The team’s solution to localization is an off the shelf interior “GPS” system by a company called Marvelmind. This system works similarly to a global positioning system but rather than determining its position by ranging satellites it does it by ranging to beacons placed inside the building.
The current system configuration consists of a beacon located on the robot called a hedgehog and 3 beacons in fixed positions about the building. If the hedgehog has direct line of site to the fixed beacons, it can determine the robot’s position to plus or minus 2 centimeters by calculating its range to each fixed beacon. The robot hedgehog uses sonic pulses to determine the range between it and the fixed beacons.
The localization data is routed from the hedgehog to the system Arduino as an input to the mobilization system.
Moving forward, future teams should build on all the knowledge we gained (all of which is in the Final Design Report), and should design the software, obstacle avoidance system, computer vision, voice recognition, iPad application, and exhibit destinations to meet the design criteria listed earlier, as well as research and discover any constraints that are unique to those items, which were not part of the scope of this year’s project.
There are three modules of the robot to refine or complete. These include the user interface, GPS integration with the building, and collision avoidance. These improvements fall outside the scope of the current project. We included these considerations in the design in hopes that backwards compatibility for future iterations of the robot would be as simple as possible. Part of this goal included research and stakeholder feedback for the user interface. The team considered a few user interface options and factors such as ADA compliance, stakeholder feedback from the prototype, and advice from one of our consultants Christine Leahy, arrived at the conclusion that an elevated tablet as seen in the CAD rendering would be the best recommendation for future teams.

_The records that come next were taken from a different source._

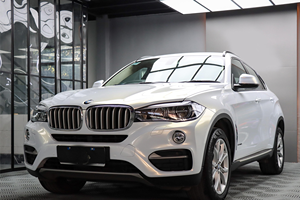 Vinilo para Rotulación de Vehículos, Rollo Blanco a Dorado, PET de Alto Brillo, 7.5/8.5mil, con Liberación de Aire, Autoadhesivo, para Cambio de Color Automotriz - Product Image 2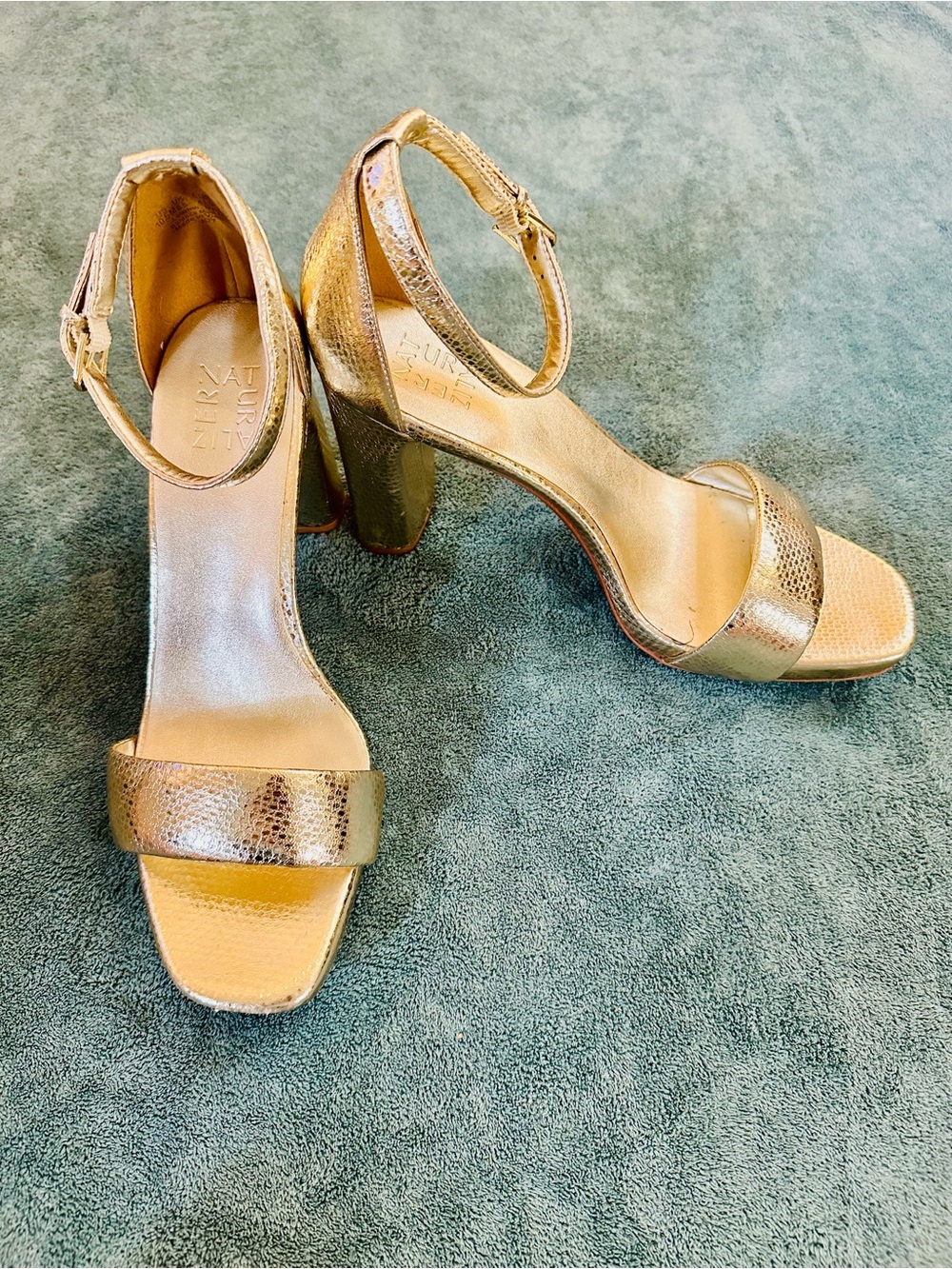 Naturalizer Joy Gold Metallic Leather Block Heel Sandals Size 10.5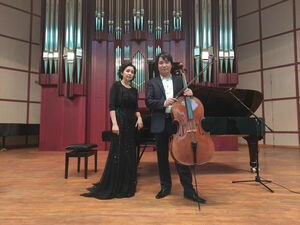 Спецы есть  и дома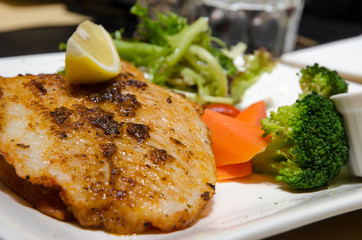 Grilled fillet with vegetables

Although we have already integrated a GPS localization system, due to the lack of a physical building and uncertainty in the final layout of the building, we have not been able to adapt the GPS system to a potential final tour path. This will require a future team to purchase more GPS transmitters, place the transmitters in the building, and code a path into the mobilization code. We researched collision avoidance solutions to provide a recommendation to future teams.
Meet the Team
Dylan Hird, originally from Fort Collins Colorado, is a senior in the Electrical Engineering program at Colorado School of Mines. He previously interned Patroness llc where he worked on collision avoidance and now hopes to make a career in coding and automation.
Stephen Mancuso is a Mechanical Engineering major. He is dedicated to learning continuously and is excited to find a career in sustainable energy to apply the skills and knowledge he has learned at the Colorado School of Mines towards improving the world and having a fulfilling career.
Stephen is native to Colorado and grew up in Aurora. He is getting married this January and is excited to start this new season of life.
Chad Rogers is a Electrical Engineering major and an intern at High Precision Devices Inc. in Boulder, CO where he has accepted an offer for a post-graduation position as a field applications engineer. He is looking forward to applying what he has learned at the Colorado School of Mines in his future career in cryogenic semiconductor testing.
Chad is originally from Kansas. He is a veteran of the US Navy submarine service and served for five years aboard the USS San Francisco and the USS Louisiana. He and his wife live in Boulder, CO.